In quella lettera datata 18 giugno (quando vengono pubblicate le telefonate con Mancino) Loris D’Ambrosio scriveva: “non ho mai esercitato pressioni od ingerenze che anche minimamente potrebbero tendere a favorire il Senatore Mancino…”, anche se non è ben chiaro perché dovesse fornire argomenti difensivi quando nelle telefonate con Mancino ribadisce in modo esplicito come il suo operato sia in totale concerto con la presidenza della Repubblica.
Poi sottolineava come “le criticità ed i contrasti [tra le procure] non giovano ad inchieste che per complessità, delicatezza, portata imporrebbero strategie unitarie e condivise oltre che il ripudio di metodi non rigorosi…” E per esemplificare “lo scarso rigore” faceva il caso di persone informate dei fatti o testimoni che diventano per una determinata procura indagati, guarda caso come è puntualmente avvenuto per Nicola Mancino a Palermo.
Quindi dopo aver denunciato “il clima accusatorio” tale da motivare l’accorata preoccupazione che “ogni più innocua espressione sarà interpretata con cattiveria ed inquietante malvagità”, rimetteva il prestigioso incarico nelle mani del Presidente.
La risposta del Presidente, asse portante del suo intervento alla scuola superiore per magistrati a Scandicci, è stata in sintesi “attaccano lei per colpire me”, intendendo ovviamente non la sua persona ma la carica.
Ne discende che il conflitto di attribuzione non sia stato altro che “una scelta obbligata per chi abbia giurato dinanzi al Parlamento di osservare lealmente la Costituzione”.

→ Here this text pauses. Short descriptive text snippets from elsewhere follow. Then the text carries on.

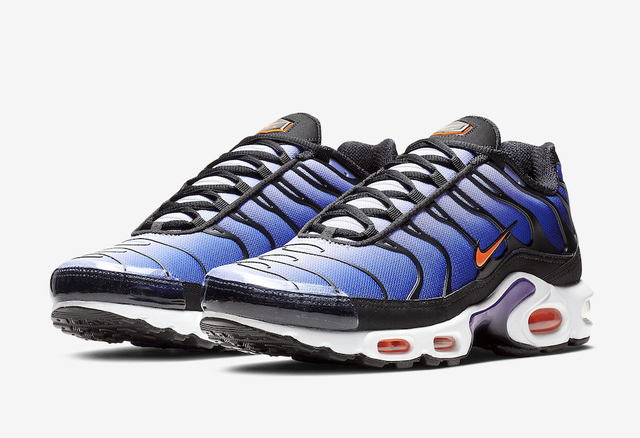 nike air max plus tn og voltage purple
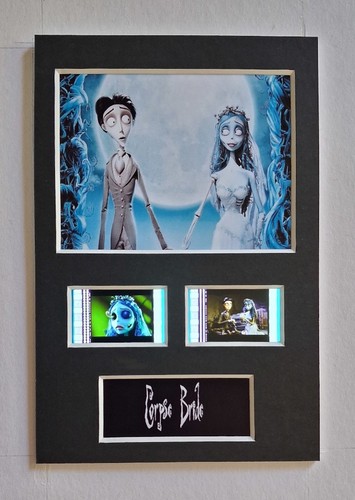 Corpse bride 35mm - bride, (2005)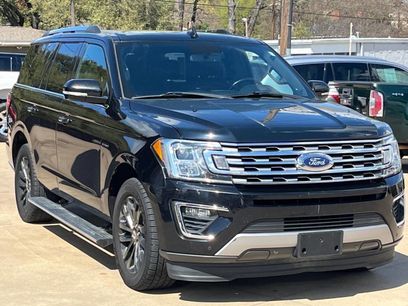 Used 2019 Ford Expedition Limited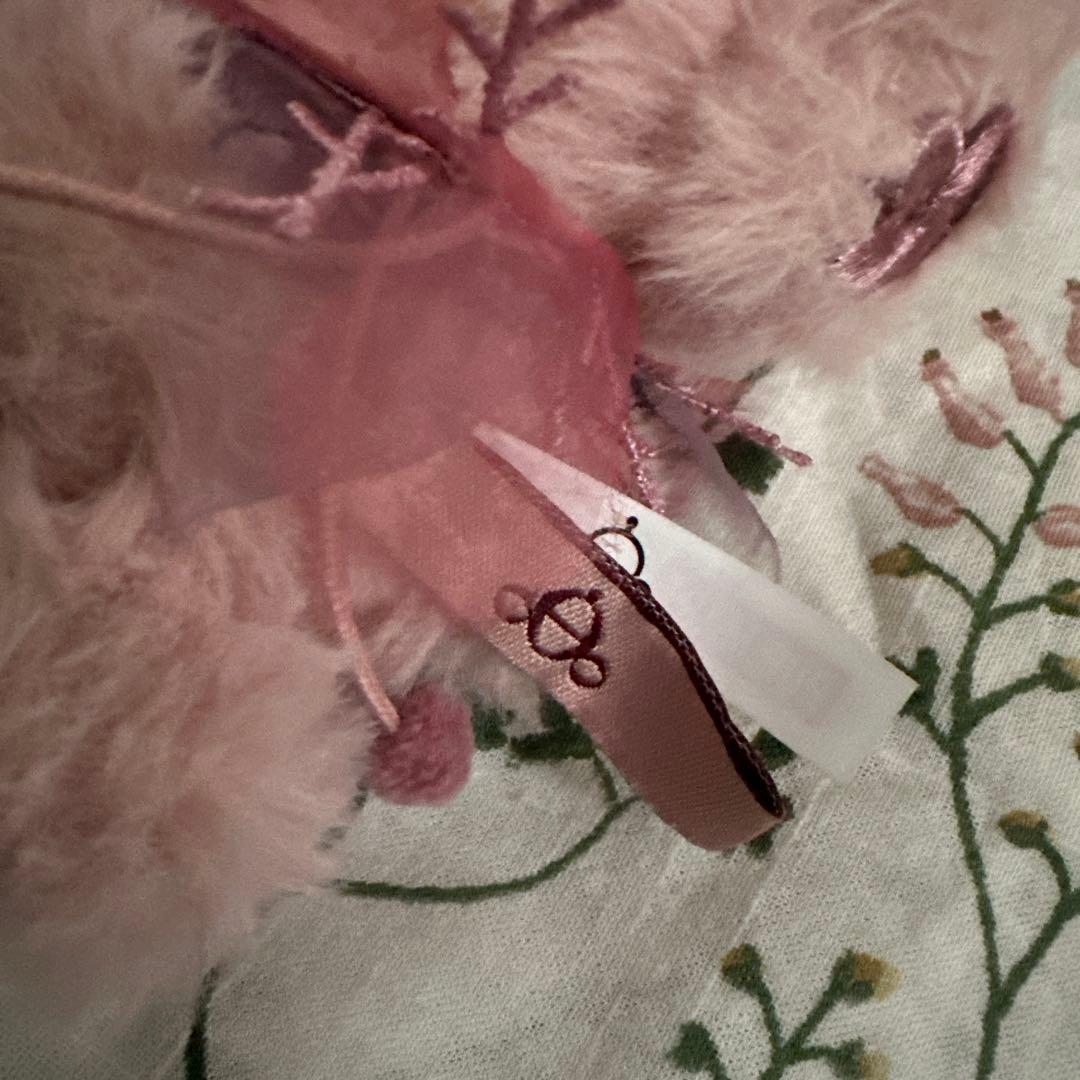 SKULLPANDA&ラブブ&WAKUKUワクク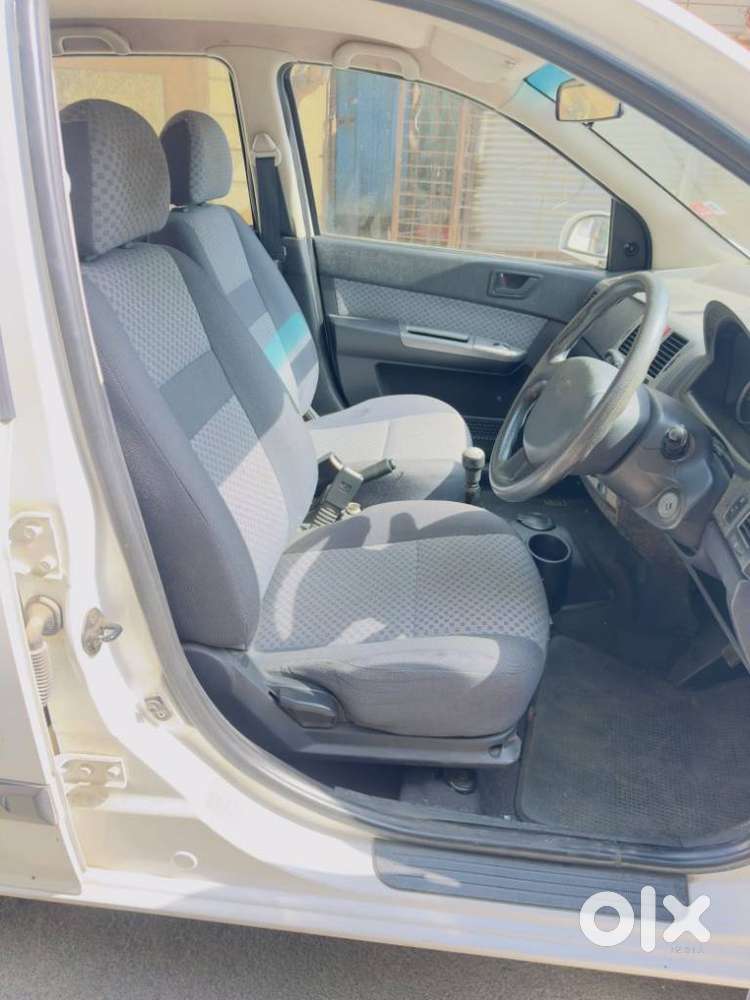 Hyundai Getz Prime 1.3 Gls, 2006, Petrol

Ma prendendo per buone queste dichiarazioni, si stenta ancora di più a capire perché chi ha operato sempre e solo nello spirito e nel dettato della Costituzione senta il bisogno compulsivo di un interventismo esasperato e rinfocoli quasi ogni giorno una polemica senza precedenti con giornalisti, magistrati e rarissimi politici che si mettono di traverso.
Se il conflitto di attribuzioni di un presidente della Repubblica contro una procura della Repubblica, senza precedenti nella storia repubblicana, originato da un’ inchiesta di una delicatezza e gravità senza eguali, era “una scelta obbligata”, questo è un motivo in più per tacere ed evitare qualsiasi spunto polemico fino a quando la Corte Costituzionale non si sia pronunciata.
All’indomani della pronuncia, sia di accoglimento che di rigetto del ricorso, Napolitano avrebbe potuto eventualmente rendere pubblico il carteggio, che a suo parere comprova la sua limpidezza e la sua correttezza di garante della Costituzione.
Invece se l’è voluto giocare ancora una volta per rilanciare a sproposito, più del solito, il tema incredibile (con una classe politica decomposta incapace di varare anche una legge anticorruzione non vergognosa) della riforma della giustizia per “comporre finalmente il conflitto tra politica e magistratura”.
Al di là delle intenzioni, il protagonismo presidenziale, nell’ultimo scampolo di presidenza, in pendenza del conflitto dinanzi alla Corte sta raggiungendo limiti quasi imprevedibili, come ha confermato con l’autoinvestitura a giudice di quarto grado riguardo alla condanna definitiva ed ineccepibile della Cassazione nei confronti di Sallusti.